- _Material provided_
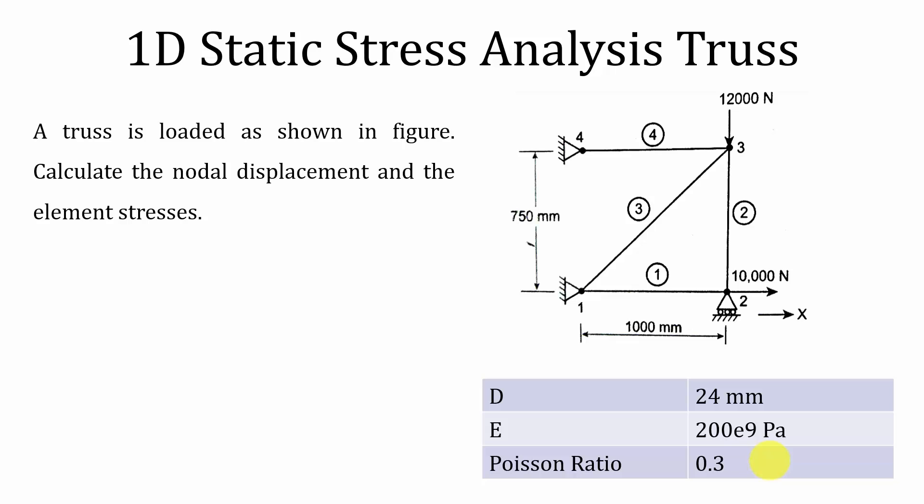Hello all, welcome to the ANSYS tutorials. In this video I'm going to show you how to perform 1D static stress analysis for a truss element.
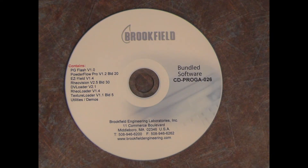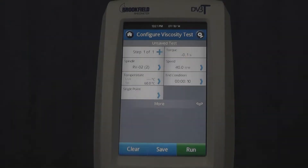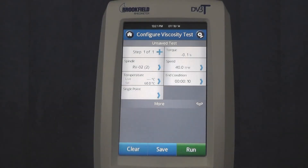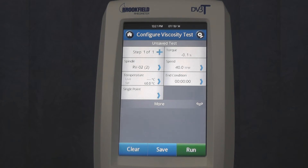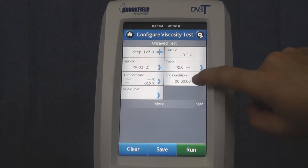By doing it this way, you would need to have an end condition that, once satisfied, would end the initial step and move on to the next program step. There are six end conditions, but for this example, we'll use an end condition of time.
---
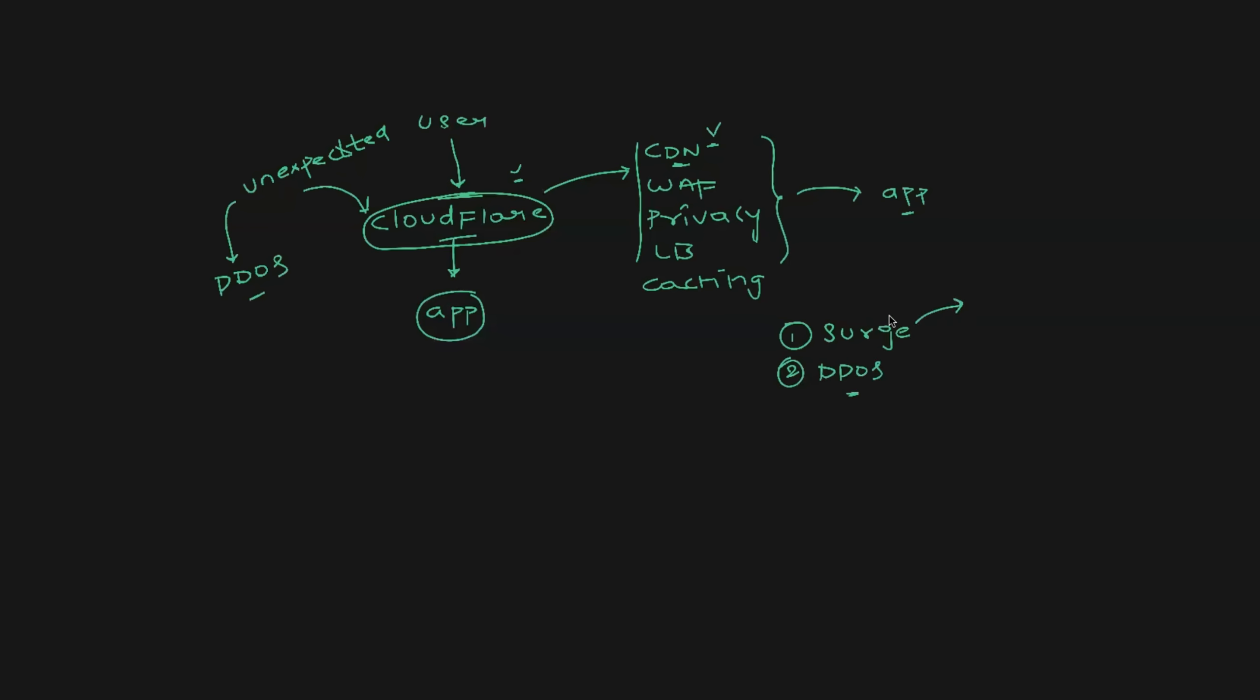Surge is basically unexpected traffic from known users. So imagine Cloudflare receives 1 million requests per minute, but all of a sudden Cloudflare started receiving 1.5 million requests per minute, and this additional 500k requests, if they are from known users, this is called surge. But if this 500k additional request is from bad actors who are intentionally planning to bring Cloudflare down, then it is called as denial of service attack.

- _Work request_
Pictures excluded, give again exactly and only the lines of the material above from the line with "Hello all, welcome" through the line with "By doing it".

- _Exercise output_
Hello all, welcome to the ANSYS tutorials. In this video I'm going to show you how to perform 1D static stress analysis for a truss element.
By doing it this way, you would need to have an end condition that, once satisfied, would end the initial step and move on to the next program step. There are six end conditions, but for this example, we'll use an end condition of time.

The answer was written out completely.